Esta pequena crónica não pretende aprofundar em análises históricas ou sócio-políticas mas apenas abrir uma janela sobre Beirute, a capital libanesa.
A “Paris do Meio Oriente” como era conhecida Beirute na chamada “Idade Dourada” libanesa, (na década de 1960 até 1975) é hoje uma cidade ainda em reconstrução.
Como magnificamente cantou a “embaixadora das estrelas” a grandíssima cantora libanesa e árabe Fairuz: “apagou a minha cidade a sua candeia , fechou a sua porta e ficou pela tarde sozinha, sozinha com a noite”. Uma noite de 15 anos de destrutiva guerra civil que modificou para sempre a fisionomia da capital libanesa.
As marcas visíveis da guerra ainda estão muito presentes nos prédios, na estruturação urbana, ... As marcas invisíveis, as dos corações dos participantes activos e passivos (a totalidade do povo libanês) essas dificilmente poderão ser reconstruídas.
E o fantasma da guerra está sempre presente, lembremos a crise acontecida há só dois anos entre o governo e Hizbollah, que trouxe os disparos novamente às ruas beirutis, ou a continua ameaça do terrorismo sionista. Sem irmos mais longe no sábado aviões israelitas violavam o espaço aéreo libanês, algo que se está a tornar comum, e sobrevoaram Beirute.
Para podermos visualizar o que significou a guerra na cidade, é interessante observarmos a evolução da Praça dos Mártires, o antigo agitado centro, cheio de cafés, cinemas, teatros,... de vida. Ainda hoje um espaço semivazio que continua a dividir Beirute Este (cristão) de Beirute Oeste (muçulmano).
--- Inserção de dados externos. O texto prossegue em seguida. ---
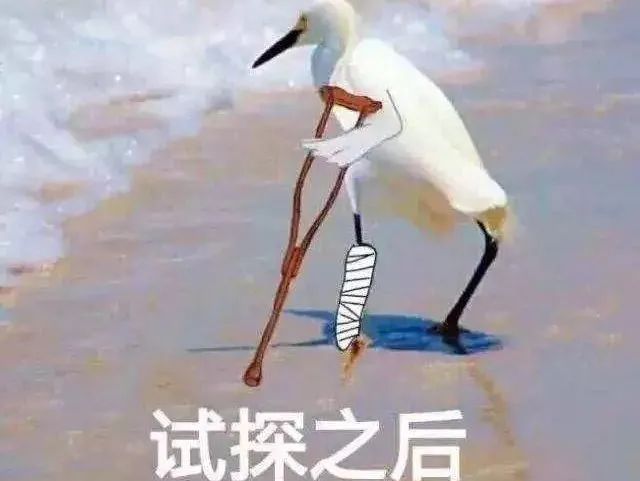 如果打架被警察抓了怎么办,打架去了派出所会有犯罪记录吗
A baixa da cidade num processo muito avançado de (re)construção coloca um novo Beirute de lojas chique, restaurantes requintados e sedes bancárias exemplo do capitalismo brutal que caracteriza o país.
Grande quantidade de carros particulares, muitos de luxo e as buzinas incansáveis dos táxis (quase único meio de transporte na cidade) só interrompidas pelo adhan (chamada para a oração) das mesquitas de Hamra ou os sinos das igrejas de Achrafieh.
Beirute já teve uma rede de autocarros urbanos e o Líbano uns caminhos de ferro que comunicavam a capital com Trípoli (norte), Damasco e Haifa (Palestina). Hoje os comboios são também parte da história.
Esse novo Beirute convive com ruínas e restos de metralha, com a velha propaganda política de hoje e de sempre e uma grande presença militar, especialmente à volta das sedes do governo libanês.
Este último elemento faz-se rapidamente quotidiano, sobretudo pela naturalidade com que os libaneses convivem com polícias armados com metralhadoras em cada rua, com checkpoints e manobras militares em ruas do centro.
Tudo lado a lado com a sempre alegre e imparável noite beiruti e um trânsito autenticamente maluco. E neste ambiente intenso e contrastado a vida é surpreendentemente aprazível.
Beirute tem mais do que bem merecido o apelativo de “cidade que nunca se rende”.